Despite the unfortunate name, Etsy isn’t all popsicle-stick sculptures and kitten sweaters. Enter: Debunking Etsy, a bimonthly column profiling all the wonderfully talented craftsmen who use the site to peddle well-built, hard-wearing and handsome goods for your home and person.
Artwork made to celebrate hometown pride generally doesn’t care much for subtlety.
It subscribes to the most sacred commandments of our nation’s airport shops: A) double down on local clichés, B) treasure over-touristed landmarks, and C) use lots of exclamation points along the way. That’s all well and good on a $12 T-shirt, but the blank walls and empty mantles of your home deserve better.
One craftsman making your selection process easier is David Harman, founder of Native Maps. Harman’s design studio hand-prints 25 different American cities at its studio in Knoxville, Tennessee, and each capably adds a dose of local love to your living room without looking like you hired the Hard Rock Cafe’s interior designer.
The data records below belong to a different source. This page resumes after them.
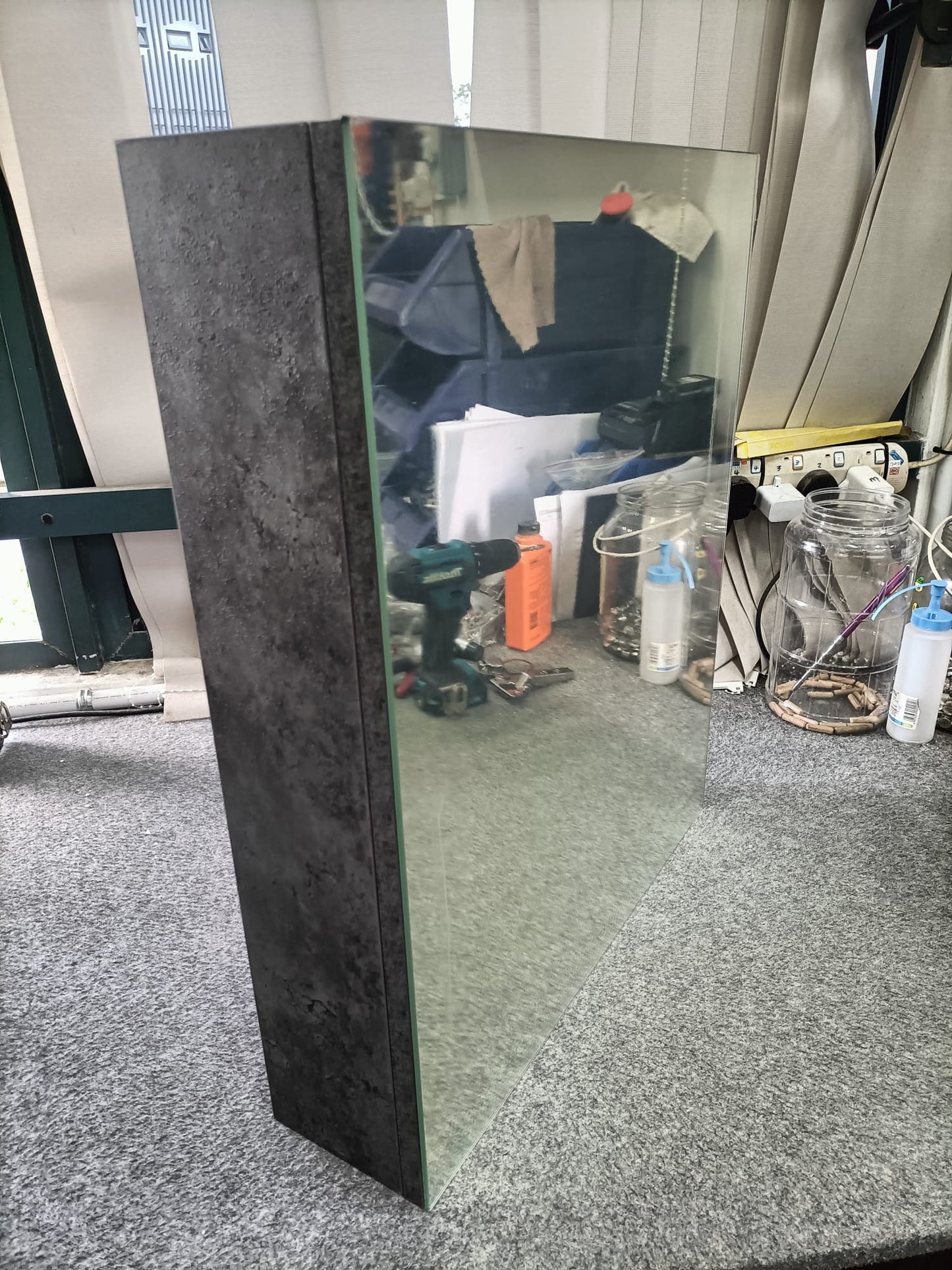Dusche 2005193MG 50cm Mirror Cabinet (Marble Grey)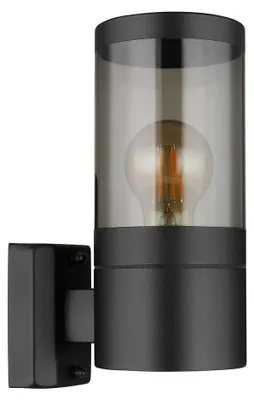 Produktbild von LED Außenwandleuchte, Edelstahl, Schwarz, IP44, H 24 cm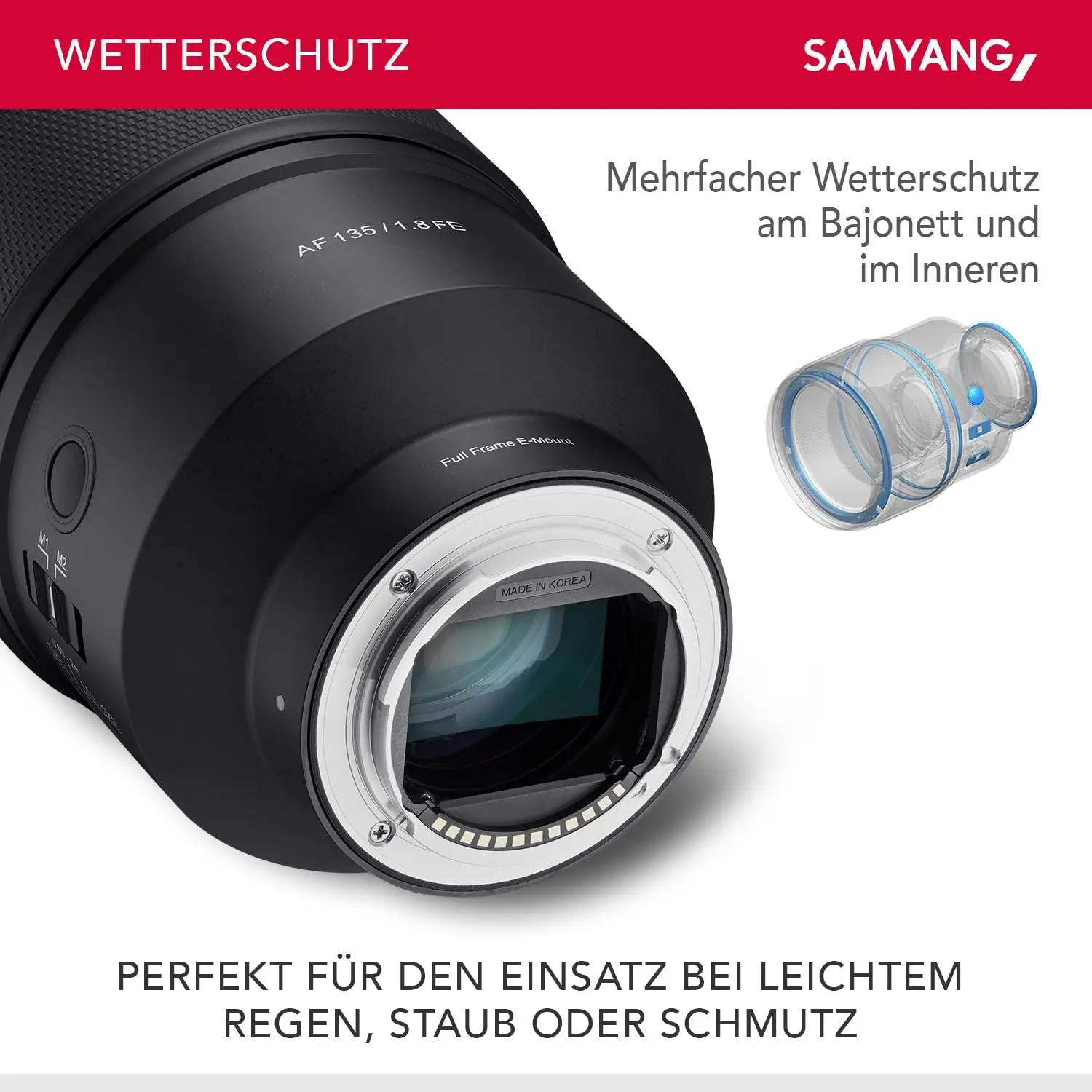 SAMYANG terav F1.8 135mm teleobjektiiv Sony FE jaoks – kasutusnäide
Unsurprisingly, it takes a lot of work to look that good. Introducing a new city to the line-up can takes a full month. Harman’s team works with a team of experts in each city to make sure every intersection, river bend and border line is precise before burning screens and sending the design to printing. Only 75 maps are printed at a time, which can take up to two hours.
Harman originally came up with the idea after moving to Dallas. He’d grown up in the ‘burbs, and traveled on the periphery of the city as a child, but only once he’d moved in and began biking his way through side streets and small neighborhoods did he begin considering the exact lines of his hometown.
Now Native Maps offers a bevy of city prints, from Atlanta to San Francisco, and that list will continue to grow. (You can actually vote on the next city here, in case you don’t find your hometown.) They come in seven different color schemes, as seen above, and are uncommonly affordable for the quality: $35 for a 16×20 and $40 for 18×24. All the better, because you’ll want to seriously consider an additional purchase.
The shop also sells minimalist slat hangers made of reclaimed wood from East Tennessee. You can’t go wrong with a frame (which Native Maps also sells, made from upcycled wood), but the slats look unbeatable on the wall.